Boy have I not missed the smell of kibble-fed poops though! Especially transition poops, those are the worst! 

Oh and for those who care, here are the ingredients for the Multi-Cat: 


> Deboned Chicken, Deboned Turkey, Chicken Meal, Turkey Meal, Menhaden Fish Meal (source of Omega 3 Fatty Acids), Whole Ground Brown Rice, Whole Ground Barley, Oatmeal, Peas, Chicken Fat (preserved with Mixed Tocopherols), Natural Chicken Flavor, Potatoes, Dried Egg, Fish Oil (source of Omega 3 Fatty Acids), Flaxseed (source of Omega 3 and 6 Fatty Acids), Dried Cellulose, Whole Carrots, Whole Sweet Potatoes, Cranberries, Blueberries, Barley Grass, Dried Parsley, Alfalfa Meal, Dried Kelp, Taurine, Yucca Schidigera Extract, L-Carnitine, L-Lysine, Turmeric, Dried Chicory Root, Oil of Rosemary, Beta Carotene, Vitamin A Supplement, Thiamine Mononitrate (Vitamin B1), Riboflavin (Vitamin B2), Niacin (Vitamin B3), d-Calcium Pantothenate (Vitamin B5), Pyridoxine Hydrochloride (Vitamin B6), Biotin (Vitamin B7), Folic Acid (Vitamin B9), Vitamin B12 Supplement, Calcium Ascorbate (source of Vitamin C), Vitamin D3 Supplement, Vitamin E Supplement, Iron Amino Acid Chelate, Zinc Amino Acid Chelate, Manganese Amino Acid Chelate, Copper Amino Acid Chelate, Choline Chloride, Sodium Selenite, Calcium Iodate, Salt, Caramel, Potassium Chloride, Calcium Carbonate, Dried Yeast (source of Saccharomyces cerevisiae), Dried Lactobacillus acidophilus fermentation product, Dried Bacillus subtilis fermentation product, Dried Enterococcus faecium fermentation product


Not too horrible if you ask me.


----------



## wolfsnaps88 (Jan 2, 2012)

Cat kibble poops Suuuuck. They are huge and stinky. I had my cat on raw briefly and loved it! Her poops were small and practically odorless. Then she resisted and is back on kibble/canned. AND she hid a piece of beef kidney in my (now cluttered) spare room. BARF, it stinks in there. So on my agenda is to clean that room out and find the source of the mystery smell. 
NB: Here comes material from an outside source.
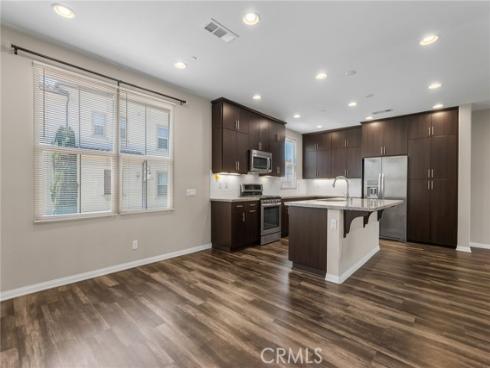 61 Origin , Irvine, CA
Cats are such a pain compared to dogs when switching foods!


----------



## CorgiPaws (Mar 31, 2009)

Ellie has been on kibble for a long time after a billion failed attempts to move her to canned and raw. Ironclad has been raw fed since day 1, and I've been contemplating moving him to kibble because it's really hard to offer Ellie food until she takes it and keep clad cat away from it (or he will eat a bunch of it and then refuse his raw cuz he's full) and quite frankly, it's a nightmare feeding them different things. 
I don't think grains are the root of all evil. In fact, most grain free foods seem to just be full of potato instead, so I really don't see much benefit to them unless there's specifically a grain issue. I think that food looks just fine. We use grain free for Ellie because any time i buy anything different she has issues, but if that weren't the case, I'd buy that food without a second thought. 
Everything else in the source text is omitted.